By Angela Murphy, Ph.D., VP Marketing & Solutions for Pidgin
Ask most people what they think of stablecoins, and the answer often tracks with what they think of cryptocurrency: speculative, unregulated, not their problem. That instinct made sense for years. Most of the noise around digital assets was hypothetical as it related to financial institutions, and the regulatory environment was genuinely unclear. For credit unions specifically, the member populations they serve had little exposure to any of it.
That equation has shifted. Not because crypto has become more relevant to credit unions, but because stablecoins are not crypto in any meaningful operational sense, and conflating the two has started to carry real strategic cost. Specifically, stablecoin is a type of cryptocurrency, and under the GENIUS Act, has specific parameters as it relates to payments infrastructure in the U.S.
A dollar-backed stablecoin is not a speculative asset. It is a digital representation of a U.S. dollar, held 1:1 in cash or highly liquid reserves, designed for one purpose: moving value. It does not generate returns. It does not fluctuate in price. It is not algorithmic, and it is not a central bank digital currency. The better analogy is a tokenized payment instrument, a way of representing money so that it can move across a distributed ledger with the data, logic, and finality that traditional payment systems have never been able to carry natively.
Credit unions that have filed stablecoins under the crypto heading are working from an outdated map.
What Instant Payments Did Not Solve
The credit union movement made meaningful progress through FedNow and RTP adoption. Both networks delivered on speed and availability. Real-time domestic settlement was a genuine operational improvement, and credit unions that prioritized those deployments made the right call.
But instant payments solved a specific problem. They did not solve programmability. They did not address cross-border value movement in any material way. And they did not enable value, data, and logic to travel together as a single unit. Those gaps are not oversights; they are structural constraints of the underlying architecture.
Stablecoins address precisely those constraints. When a stablecoin moves, the value itself is what transfers, not an instruction to a ledger to update balances on both ends. That difference has downstream implications for how reconciliation works, how counterparty risk is managed, how payroll, B2B payments, and contractor disbursements can be structured, and how credit unions might eventually support members who operate internationally.
The point is not that stablecoins replace FedNow or RTP. They do not. The point is that a payments stack combining instant settlement rails with stablecoin infrastructure can do things that neither can accomplish alone.
Regulation Has Moved Toward Clarity
For credit unions governed by a compliance-first culture, the regulatory picture matters more than the technology itself. Here, too, the landscape has changed.
The GENIUS Act established a federal framework that defines stablecoins as payments infrastructure, not securities, with reserve requirements, redemption rights, and issuer obligations attached.

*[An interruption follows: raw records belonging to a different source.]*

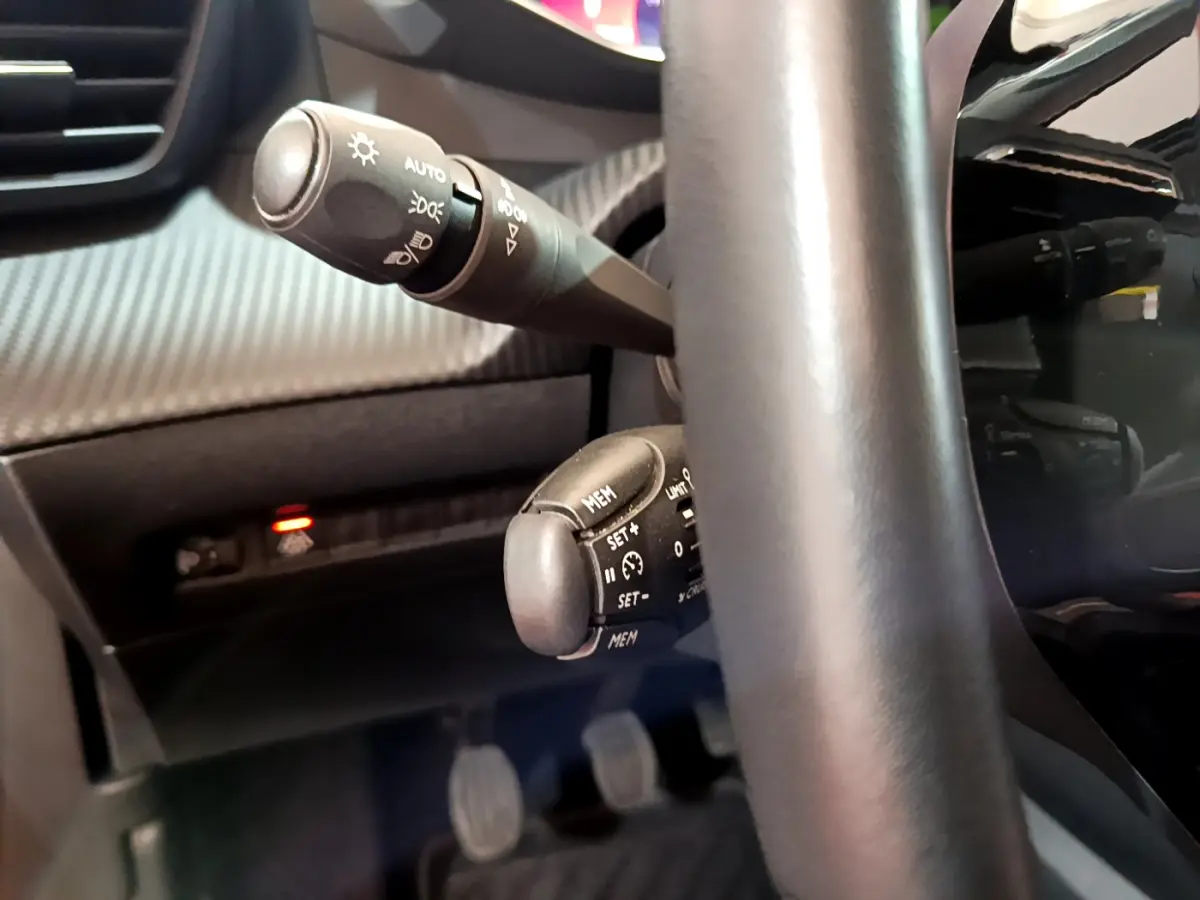 Gros plan sur les commandes au volant cuir noir du Peugeot 2008 PureTech 130 S&S Allure Business 2021.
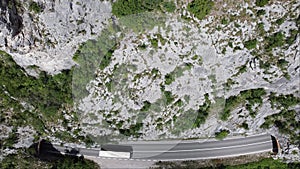 Traffic road between two tunnels in the foots of the rocky mountain. Aerial view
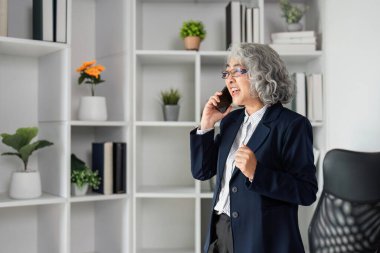 Tutkulu bir telefon görüşmesine katılmış yetenekli bir üst düzey işletmeci raflar ve yeşilliklerle çevrili şık bir ofiste duruyor..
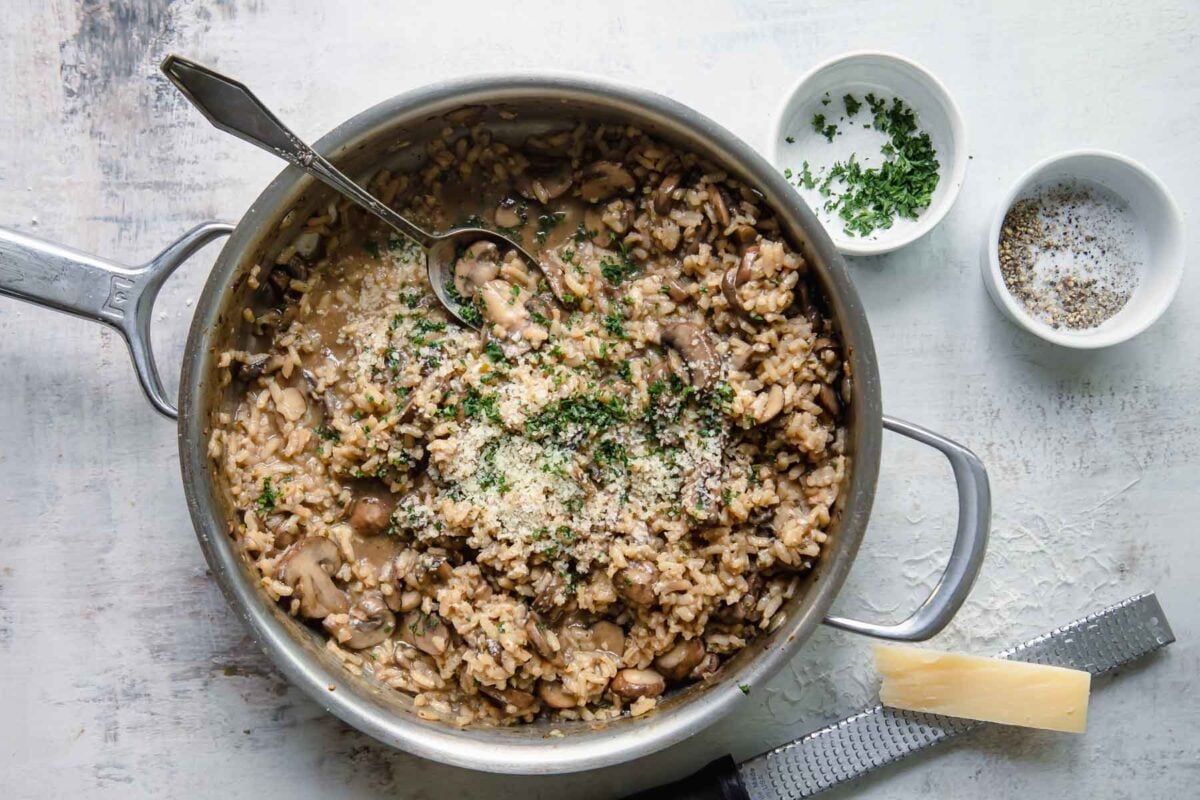 A skillet full of mushroom risotto.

OCC guidance has taken a technology-neutral posture, affirming that custody, settlement, and related activities are permissible for federally chartered institutions when executed safely. The FDIC has engaged questions around approval, governance, and trust model requirements. None of this represents a finished regulatory framework, but taken together, it signals an unmistakable direction: stablecoins are being regulated into the financial system, not around it.
For credit unions, that trajectory reframes the risk calculus. The institutions that wait for complete regulatory certainty before beginning internal education may find themselves several steps behind when the practical questions arrive from members, business accounts, and examiners alike, especially since the GENIUS Act will take full effect in January 2027.
The Roles Worth Considering
Issuing a stablecoin is likely not the entry point for most credit unions, and it does not need to be. The ecosystem requires a range of institutional participants, and credit unions are positioned for several of them.
Custody is a function that requires the same asset safeguarding discipline credit unions apply to member deposits. Serving as a fiat on- and off-ramp, the conversion layer between dollars and stablecoin, is fundamentally an account servicing capability. Wallet provisioning extends the digital banking relationship into a new format. Transaction monitoring in a stablecoin environment still runs on BSA, AML, and OFAC obligations. Settlement and liquidity management draw on treasury functions already in place.
None of these roles requires credit unions to abandon what they do well. They require credit unions to understand how those competencies translate into a payments context where value moves differently, and to make deliberate decisions about where to participate.
What Leading Institutions Are Doing Now
The credit unions best positioned for what comes next are not the ones moving fastest. They are the ones building internal understanding while the timeline still allows for it. That means educating leadership and boards on the operational mechanics, not the cryptocurrency narrative. It means engaging technology partners who can speak to governance and compliance, not just infrastructure. It means running controlled pilots where possible and developing the risk and oversight frameworks that examiners will eventually ask about.
The question is not whether a stablecoin-enabled payments environment arrives. At this point, the regulatory momentum, the technology maturity, and the market demand from business members, younger consumers, and cross-border payment users all point the same direction. The question is whether credit unions are prepared to serve their members in the stablecoin ecosystem, or whether that ground gets ceded to institutions that started paying attention earlier.